Do you have any references I could look at about the self-similar nature of the internet? I’d like to read more about it.
Aloha based networks are not actually “transmit when you want to”, they are “transmit when you want to, if nobody else is talking”. This makes a big difference, since a collision is virtually guaranteed at high utilizations in the first case, but allows a much higher utilization in the second. In fact, the limit of utilization becomes dependent on the overall physical size of the network in the second case.
I second Lassi’s commendation of this is as a good start. My only quibble would be that it seems a bit odd to list basic distributions — even referring to a ‘bell’ curve as the limit of the binomial — and yet decline to at least mention the normal, even in a “then there’s this other thing that turns out to be rather important in ways we’ll go into next time” sort of way. If it’s because you’re being picky about distributions as discrete, then you should say so — especially given your less pedantic approach in the previous post…
geometric (exponential decay, roughly, describing the distribution of how many games one needs to play to achieve the first “win”)?
(rough) example: my team wins about .40 of its games, based on past performance. How many games will we play this year before we win our first league game?
“Do you have any references I could look at about the self-similar nature of the internet? I’d like to read more about it.”
I tried to Google for something that is on-line (using “self-similar distribution internet”), but all relevant articles seem to be behind a paywall. Of course many readers of your blog have access to IEEE or ACM libraries, so they can read them.
Sorry for a terse answer, but I’ll be in Dubai for the rest of the week, and the plane leaves pretty soon…
They just wrote an interesting post about visualizing higher dimensional distributions over at Overcoming Bias:
http://www.overcomingbias.com/2008/04/conf-space.html
Citeseer seems to have a number of papers. The one below seems pretty good though it doesn’t discuss the “hurst” parameter which is an interesting way of gauging the level of self-similarity in traffic.
http://citeseer.ist.psu.edu/uhlig01understanding.html
what you quoted as zipf is actually exponential
p(x)~(1/C)^x
with C const
a power law is p(d)~d^(-C)
where C is a constant
for words i think it is C=3/2 or 5/2 but too lazy to google
Nothing about the normal distribution?
Or the t-distribution?
Or the F-distribution?
or Chi-square?
I’d say those are the four I use most as a statistician.

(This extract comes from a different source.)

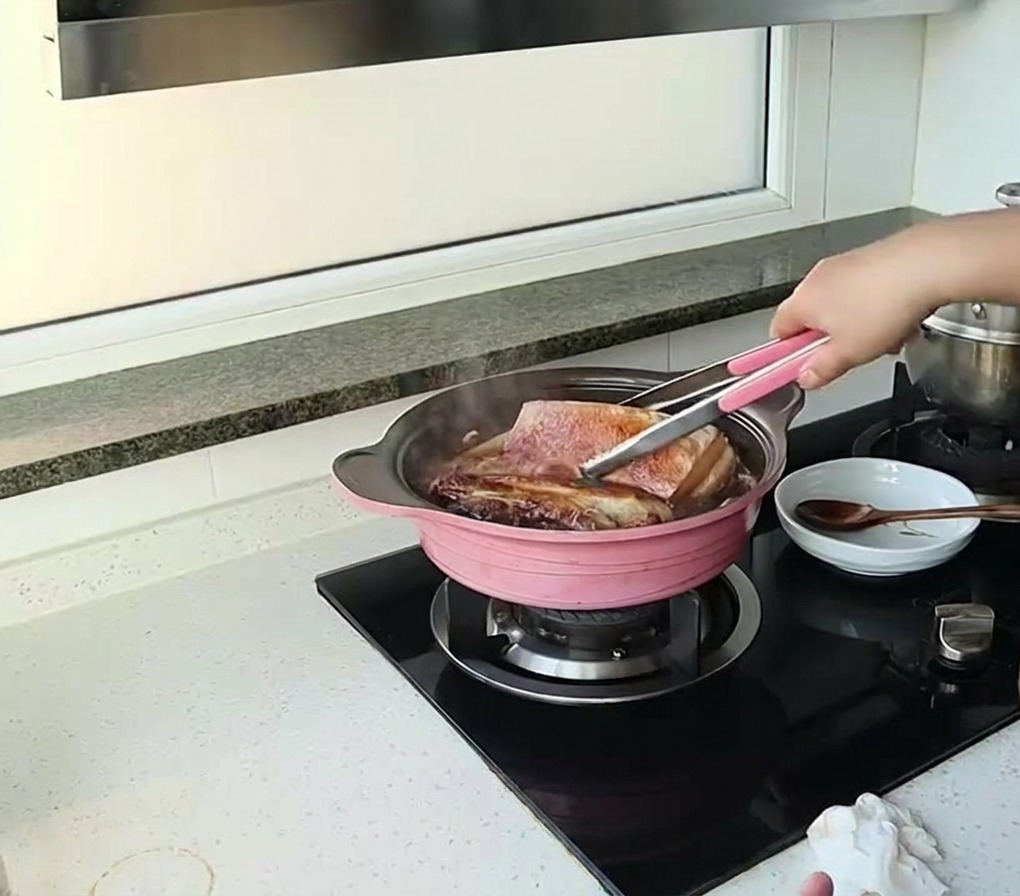 A person using tongs to flip large pieces of pork belly simmering in a dark sauce in a pink pot.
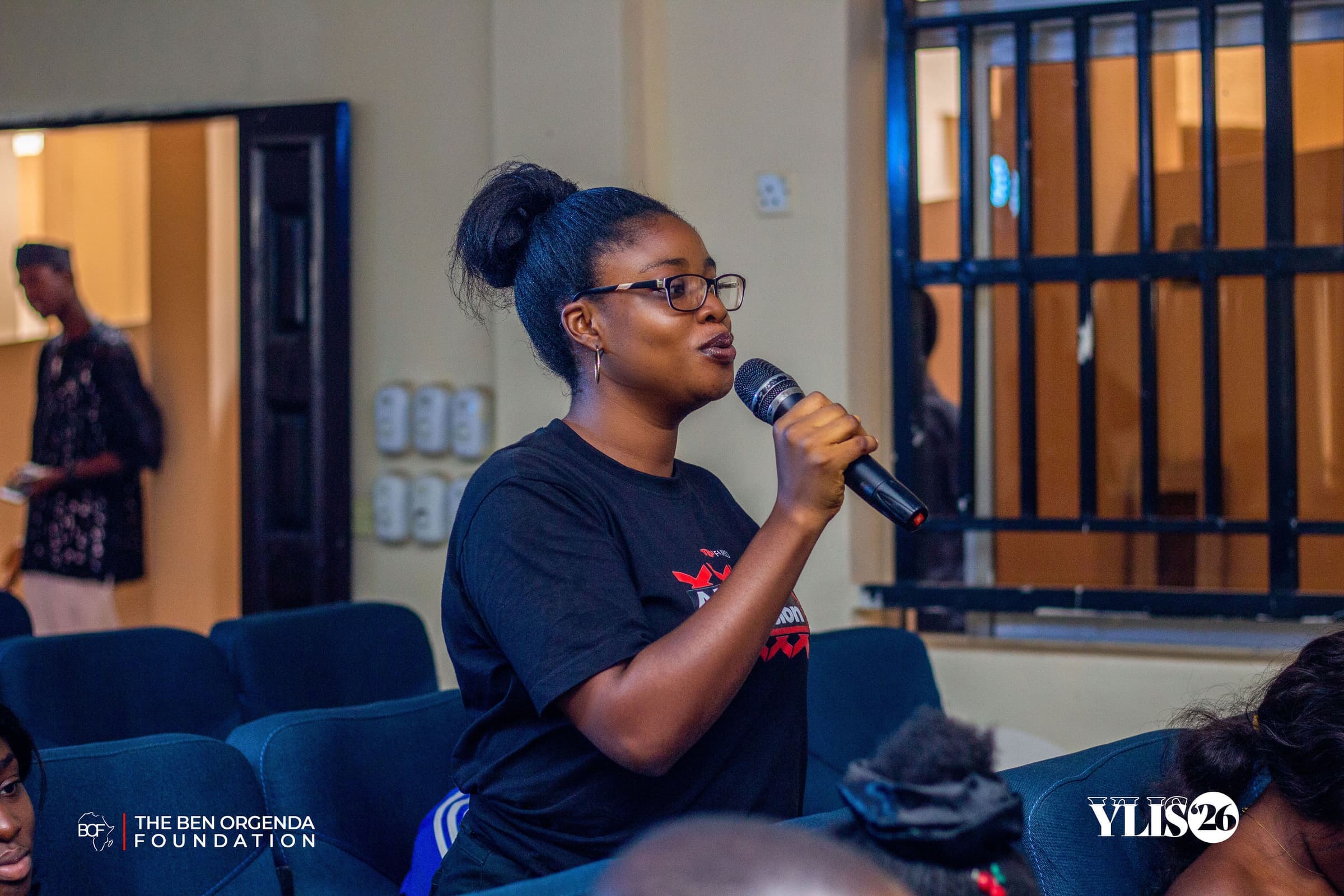 A participant standing to ask a question with a microphone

And the Poisson, at least for regression problems, usually needs to be abandoned for a negative binomial distribution, since the conditional variance almost always increases with the conditional mean.
Minor nitpick: Ethernet actually uses CSMA/CD, which means that nodes wait until the line is free before transmitting. Collisions occur only when two nodes start transmitting at the same time.
Love your blog as always.
secondclass:
Yeah, I know that my description was a bit oversimplified, but I was already feeling like I was giving too much detail; try sending and look for collision” is close enough to give people a sense of how it works, and I was debating whether or not to even include that much detail.
(As an interesting aside, when I worked as a sysadmin, we actually had some trouble with an ethernet that got too long. We’d run an ether as a coil through four floors of the EE building. Turned out that it got long enough that at Ethernet propagation speed, the machines at the far ends of the network could collide without detecting, because ether only looks for a collision when it starts sending. Took us a while to figure out that that was the problem, because we couldn’t believe that the signal propagation could take long enough on a cable in one building to allow missed collisions! Once we finally figured it out, we split the building into two subnets with a repeater between them, and that took care of it.)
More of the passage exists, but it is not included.